The father wanted Scott to join manual laborers so that they could add the family’s income. However, Scott’s ambition was in school and his music. So, his mother gave him the support that he needed. Therefore, he would learn the music and play piano from Julius Weiss. Some of his teachers would also help him harness his talent. So, with the help of Weiss Scott got to learn a lot of musical forms. Weiss even helped Scott's mother buy a used piano for the boy. After that, Scott was able to compose and perform his music.
Life as a Musician
In his teens, Scott was performing in many local functions. Therefore, with the confidence that he had gained over time, he decided to go out on the road. The life of a laborer was not for him anymore. There is a blurred moment in how he managed to move about in 1880. However, Scott got an opportunity to record music in 1891 alongside the Texarkana Minstrels in July. During this period he worked a lot with the church.
Two years later, while Scott was at a World Fair in Chicago, he got to form his band. However, at the time there was little that he could do as a musician. The fair had a limiting policy for the involvement of the blacks. However, all this did not dampen his spirits. Despite all the negativity, he got a chance to perform.

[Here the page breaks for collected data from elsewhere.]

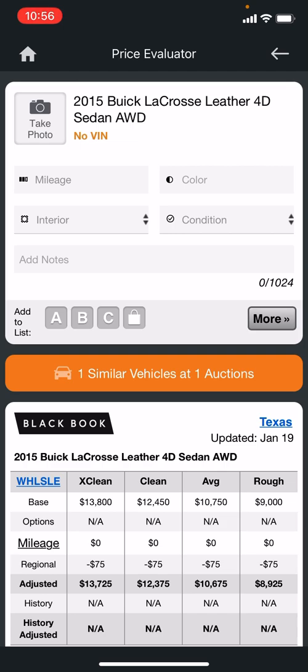There's an add-to-list feature with three different lists — A, B, and C — so you can add particular vehicles, maybe a truck list, an SUV list, or just a buy list. There's also a lock feature, which is basically where you can mark that you've purchased a vehicle so you'll have a record of it. There's also a do-not-buy list marker on here as well.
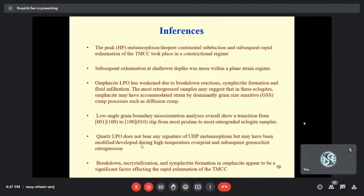The inferences are: sample 7X, the freshest eclogite, shows L-type fabric, indicating that peak metamorphism, deepest continental subduction, or subsequent rapid exhumation of the Indian plate occurred in a constrictional regime. Subsequent exhumation at shallower depths is more consistent with a plane strain regime — but with a pinch of salt, because LPO has weakened due to breakdown reactions, symplectite formation, and fluid infiltration. The most retrograded samples may have accommodated strain by grain-size sensitive processes like diffusion creep, which weakens the LPO.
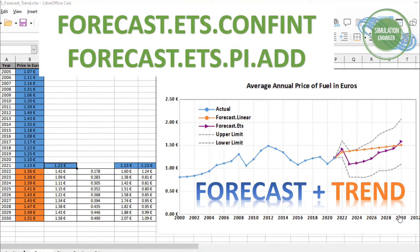Welcome to the YouTube channel Simulation Engineer. Today's video session is about using the FORECAST advanced function to predict the confidence level — or confidence meter — of your forecast data. This video is made on the request of one of our YouTube viewers.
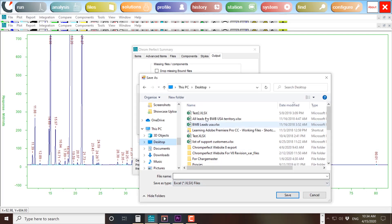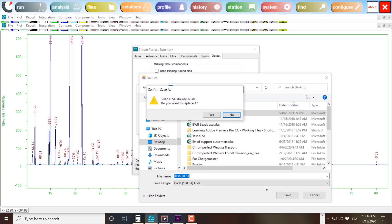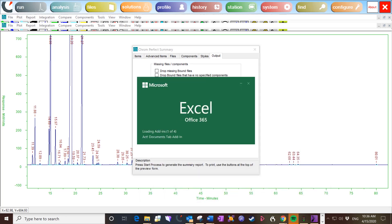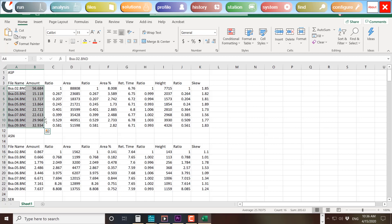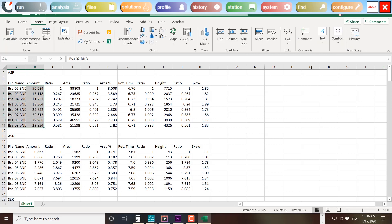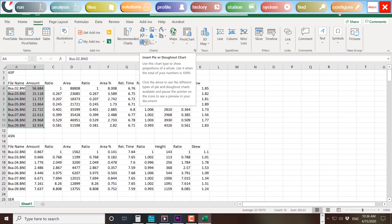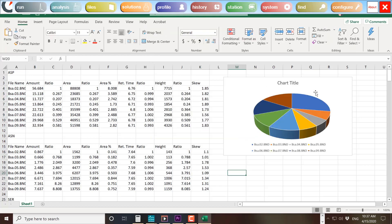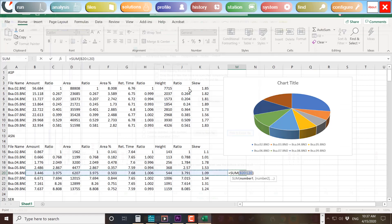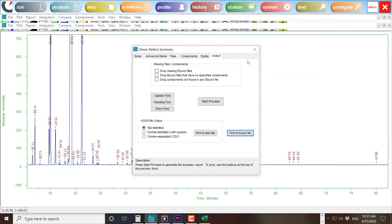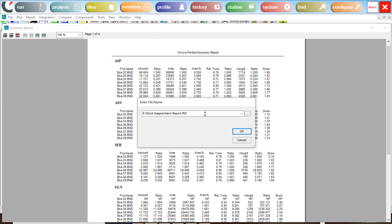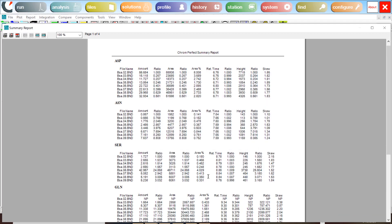If you need even more processing power, summary reports can now be saved natively to an Excel spreadsheet for further data processing and graphing. Summary reports, like all ChromePerfect data, can easily be shared to a wider audience of colleagues or customers with a PDF.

Moreover, his music was a hit with the crowd, and they loved him. This fair was the breaking ground for his Ragtime music.
The Move to Missouri
The family of Arthur Marshal opened their doors to Scott in the year 1894. Arthur would later be one of Scott’s student and later a composer as well. Scott stayed in Missouri for some time and then later he decided to settle down there permanently in 1904. During this time he got to form his music group, the Texas Medley Quartet. Through the group, he got to record and to publish his musical composition. Also, when the lads from New York heard them play, they helped him record his songs. The songs were, A picture of Her Face and Please Say You, Will. While staying in Missouri, Scott offered piano and composing lessons to many young talents.
As time went by, Scott got to meet a beautiful lady by the name Belle. Belle was the sister-in-law to one collaborator Scott Hayden. However, Scott Joplin fell in love and decided to make a proper woman out of Belle. So, in the year 1899, the couple got to tie the knot. The marriage did not last because when he went to New York, he got married to another woman Lottie Stokes in 1909.
The life of Scott Joplin started to deteriorate around the year 1916. The doctors had diagnosed him with tertiary syphilis that resulted into insanity. So, in 1917, Scott was admitted at the Manhattan State Hospital that was a mental institution. While in the hospital, he died of syphilitic dementia on the 1st of April, 1918. Scott Joplin was only 48 years of age at the time of his death. Scott did not receive any proper burial ceremony because he got buried in unmarked grave. However, sometimes later his grave was given a maker at Saint Michaels Cemetery in 1974.